- **What to do**
Reproduce the data below in full and exclude every picture.
++++ Task data ++++
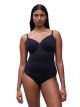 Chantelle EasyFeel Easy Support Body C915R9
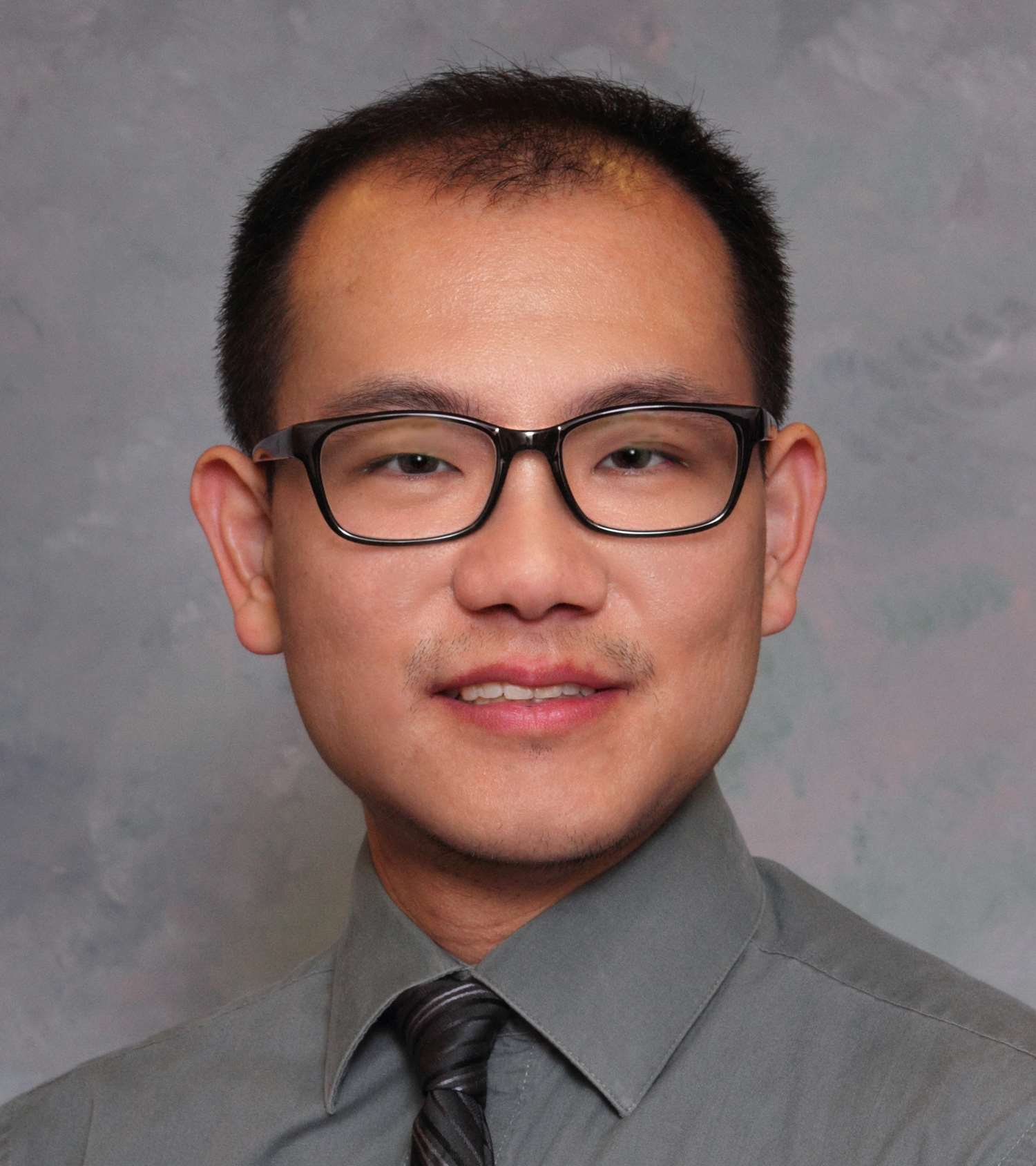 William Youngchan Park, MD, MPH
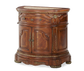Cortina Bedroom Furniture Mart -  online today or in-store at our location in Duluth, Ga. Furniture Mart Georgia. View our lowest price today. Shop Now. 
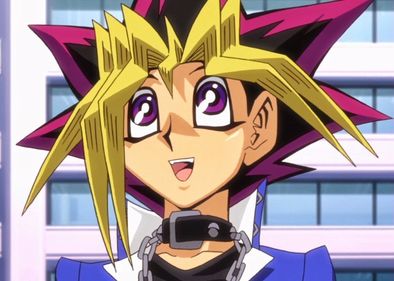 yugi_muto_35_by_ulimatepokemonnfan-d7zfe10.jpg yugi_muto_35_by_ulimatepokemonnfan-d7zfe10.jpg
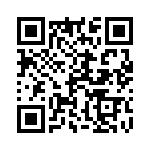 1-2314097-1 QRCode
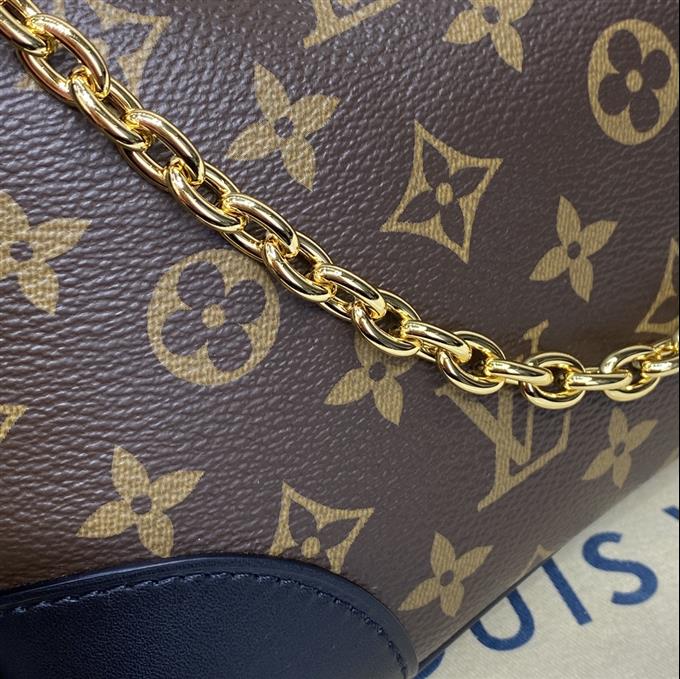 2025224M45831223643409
++++
- **Exercise result**
 Chantelle EasyFeel Easy Support Body C915R9
 William Youngchan Park, MD, MPH
Cortina Bedroom Furniture Mart -  online today or in-store at our location in Duluth, Ga. Furniture Mart Georgia. View our lowest price today. Shop Now. 
 yugi_muto_35_by_ulimatepokemonnfan-d7zfe10.jpg yugi_muto_35_by_ulimatepokemonnfan-d7zfe10.jpg
 1-2314097-1 QRCode
 2025224M45831223643409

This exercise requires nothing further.